Version 1 of Multivariate Linear Regression

Updated 2007-02-17 14:36:57

EKB The ::math::statistics package in tcllib includes a linear model procedure for a single variable in which

Y = a * X + b + error

However, sometimes there is a need to do multivariate regression of the form

Y = a1 * X1 + a2 * X2 + ... + aN * XN + b + error

This page has an implementation of multivariate linear regression.

Here's the library (in the mvlinreg namespace):

    package require Tcl 8.4
    package require math::linearalgebra 1.0
    package require math::statistics 0.1.1

    # mvlinreg = Multivariate Linear Regression
    namespace eval mvlinreg {
        variable epsilon 1.0e-7

        namespace import -force \
            ::math::linearalgebra::mkMatrix \
            ::math::linearalgebra::mkVector \
            ::math::linearalgebra::mkIdentity \
            ::math::linearalgebra::mkDiagonal \
            ::math::linearalgebra::getrow \
            ::math::linearalgebra::setrow \
            ::math::linearalgebra::getcol \
            ::math::linearalgebra::setcol \
            ::math::linearalgebra::getelem \
            ::math::linearalgebra::setelem \
            ::math::linearalgebra::dotproduct \
            ::math::linearalgebra::matmul \
            ::math::linearalgebra::add \
            ::math::linearalgebra::sub \
            ::math::linearalgebra::solveGauss

        # NOTE: The authors of math::linearalgebra forgot to
        #   export ::math::linearalgebra::transpose

        ########################################
        #
        # t-stats
        #
        ########################################
        # mvlinreg::tstat n ?alpha?
        # Returns inverse of the single-tailed t distribution
        #  given number of degrees of freedom & confidence
        # Defaults to alpha = 0.05
        # Iterates until result is within epsilon of the target
        proc tstat {n {alpha 0.05}} {
            variable epsilon
            variable tvals

            if [info exists tvals($n:$alpha)] {
                return $tvals($n:$alpha)
            }

            set deltat [expr {100 * $epsilon}]
            # For one-tailed distribution, 
            set ptarg [expr {1.000 - $alpha/2.0}]
            set maxiter 100

            # Initial value for t
            set t 2.0

            set niter 0
            while {abs([::math::statistics::cdf-students-t $n $t] - $ptarg) > $epsilon} {
                set pstar [::math::statistics::cdf-students-t $n $t]
                set pl [::math::statistics::cdf-students-t $n [expr {$t - $deltat}]]
                set ph [::math::statistics::cdf-students-t $n [expr {$t + $deltat}]]

                set t [expr {$t + 2.0 * $deltat * ($ptarg - $pstar)/($ph - $pl)}]

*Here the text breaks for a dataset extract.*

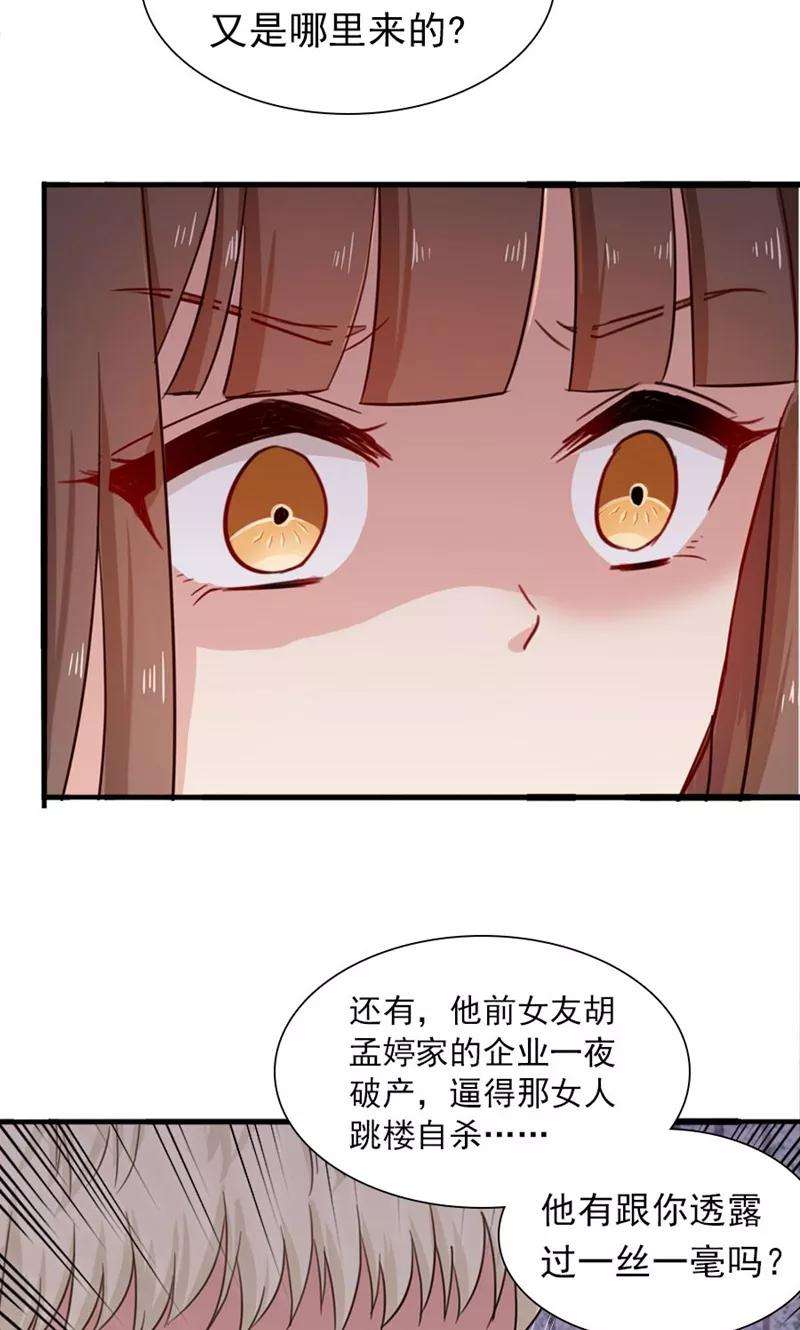 指染成婚174话 飞蛾扑火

                incr niter
                if {$niter == $maxiter} {
                    error "mvlinreg::tstat: Did not converge after $niter iterations"
                    return {}
                }
            }

            # Cache the result to shorten the call in future
            set tvals($n:$alpha) $t

            return $t
        }

        ########################################
        #
        # Weighted Least Squares
        #
        ########################################
        # mvlinreg::wls w [list y x's] w [list y x's] ...
        # Returns:
        #   R-squared
        #   Adj R-squared
        #   coefficients of x's in fit
        #   standard errors of the coefficients
        #   95% confidence bounds for coefficients
        proc wls {args} {

            # Fill the matrices of x & y values, and weights
            # For n points, k coefficients

            # The number of points is equal to half the arguments (n weights, n points)
            set n [expr {[llength $args]/2}]

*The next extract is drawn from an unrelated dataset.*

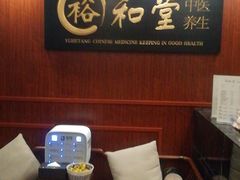-裕和堂中医推拿艾灸(太古汇臻品店)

            set firstloop true
            # Sum up all y values to take an average
            set ysum 0
            # Add up the weights
            set wtsum 0
            # Count over rows (points) as you go
            set point 0
            foreach {wt pt} $args {

                # Check inputs
                if {[string is double $wt] == 0} {
                    error "mvlinreg::wls: Weight \"$wt\" is not a number"
                    return {}
                }

                ## -- Check dimensions, initialize
                if $firstloop {
                    # k = num of vals in pt = 1 + number of x's (because of constant)
                    set k [llength $pt]
                    if {$n <= [expr {$k + 1}]} {
                        error "mvlinreg::wls: Too few degrees of freedom: $k variables but only $n points"
                        return {}
                    }
                    set X [mkMatrix $n $k]
                    set y [mkVector $n]
                    set I_x [mkIdentity $k]
                    set I_y [mkIdentity $n]

                    set firstloop false

                } else {
                    # Have to have same number of x's for all points
                    if {$k != [llength $pt]} {
                        error "mvlinreg::wls: Point \"$pt\" has wrong number of values (expected $k)"
                        # Clean up
                        return {}
                    }
                }

                ## -- Extract values from set of points
                # Make a list of y values
                set yval [expr {double([lindex $pt 0])}]
                setelem y $point $yval
                set ysum [expr {$ysum + $wt * $yval}]
                set wtsum [expr {$wtsum + $wt}]
                # Add x-values to the x-matrix
                set xrow [lrange $pt 1 end]
                # Add the constant (value = 1.0)
                lappend xrow 1.0
                setrow X $point $xrow
                # Create list of weights & square root of weights
                lappend w [expr {double($wt)}]
                lappend sqrtw [expr {sqrt(double($wt))}]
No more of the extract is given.